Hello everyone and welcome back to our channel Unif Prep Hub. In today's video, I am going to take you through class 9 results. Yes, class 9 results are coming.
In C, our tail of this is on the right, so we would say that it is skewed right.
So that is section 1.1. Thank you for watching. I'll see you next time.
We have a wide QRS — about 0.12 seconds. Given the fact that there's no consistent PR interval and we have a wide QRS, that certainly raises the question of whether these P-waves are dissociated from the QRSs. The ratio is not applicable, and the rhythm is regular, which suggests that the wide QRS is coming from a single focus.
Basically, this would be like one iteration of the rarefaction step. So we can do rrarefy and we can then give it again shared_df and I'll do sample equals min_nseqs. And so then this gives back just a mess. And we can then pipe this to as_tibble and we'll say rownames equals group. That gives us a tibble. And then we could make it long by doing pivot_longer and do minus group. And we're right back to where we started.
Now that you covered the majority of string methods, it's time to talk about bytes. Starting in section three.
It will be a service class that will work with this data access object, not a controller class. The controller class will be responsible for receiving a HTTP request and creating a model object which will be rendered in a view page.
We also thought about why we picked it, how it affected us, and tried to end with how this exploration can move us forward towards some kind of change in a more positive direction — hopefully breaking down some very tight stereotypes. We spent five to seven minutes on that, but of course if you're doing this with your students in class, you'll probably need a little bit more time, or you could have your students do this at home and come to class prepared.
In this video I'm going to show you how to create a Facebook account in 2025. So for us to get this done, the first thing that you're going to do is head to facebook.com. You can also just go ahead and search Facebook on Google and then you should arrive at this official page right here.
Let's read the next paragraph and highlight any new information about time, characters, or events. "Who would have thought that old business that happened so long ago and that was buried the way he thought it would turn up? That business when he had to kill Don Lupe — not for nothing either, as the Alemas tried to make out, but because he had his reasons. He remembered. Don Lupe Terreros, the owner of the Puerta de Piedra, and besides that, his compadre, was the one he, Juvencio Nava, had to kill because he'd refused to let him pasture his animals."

--

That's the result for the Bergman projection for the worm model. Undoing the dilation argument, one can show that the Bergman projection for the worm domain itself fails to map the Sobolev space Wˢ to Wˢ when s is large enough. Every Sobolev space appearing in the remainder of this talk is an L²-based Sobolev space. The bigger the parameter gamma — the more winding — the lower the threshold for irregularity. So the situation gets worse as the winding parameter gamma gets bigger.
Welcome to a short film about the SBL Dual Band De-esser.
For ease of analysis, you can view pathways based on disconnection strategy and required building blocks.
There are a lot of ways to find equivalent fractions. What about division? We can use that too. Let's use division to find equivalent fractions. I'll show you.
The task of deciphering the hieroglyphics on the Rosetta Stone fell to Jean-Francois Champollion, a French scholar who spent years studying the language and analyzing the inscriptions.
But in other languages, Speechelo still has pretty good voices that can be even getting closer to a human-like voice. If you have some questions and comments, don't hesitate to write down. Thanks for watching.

* * *

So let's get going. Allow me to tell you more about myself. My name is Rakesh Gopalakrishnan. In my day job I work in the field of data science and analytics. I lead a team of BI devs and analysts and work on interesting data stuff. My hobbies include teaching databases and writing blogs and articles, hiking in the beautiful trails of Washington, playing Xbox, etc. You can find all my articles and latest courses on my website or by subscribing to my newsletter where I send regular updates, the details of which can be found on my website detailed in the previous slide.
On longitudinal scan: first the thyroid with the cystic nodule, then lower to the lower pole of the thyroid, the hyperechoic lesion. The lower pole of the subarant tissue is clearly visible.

## Problem to work on
Reprint exactly the lines above that start at the one with "That's the result" and end at the one with "But in other", keeping both and adding none.

## Written reply
That's the result for the Bergman projection for the worm model. Undoing the dilation argument, one can show that the Bergman projection for the worm domain itself fails to map the Sobolev space Wˢ to Wˢ when s is large enough. Every Sobolev space appearing in the remainder of this talk is an L²-based Sobolev space. The bigger the parameter gamma — the more winding — the lower the threshold for irregularity. So the situation gets worse as the winding parameter gamma gets bigger.
Welcome to a short film about the SBL Dual Band De-esser.
For ease of analysis, you can view pathways based on disconnection strategy and required building blocks.
There are a lot of ways to find equivalent fractions. What about division? We can use that too. Let's use division to find equivalent fractions. I'll show you.
The task of deciphering the hieroglyphics on the Rosetta Stone fell to Jean-Francois Champollion, a French scholar who spent years studying the language and analyzing the inscriptions.
But in other languages, Speechelo still has pretty good voices that can be even getting closer to a human-like voice. If you have some questions and comments, don't hesitate to write down. Thanks for watching.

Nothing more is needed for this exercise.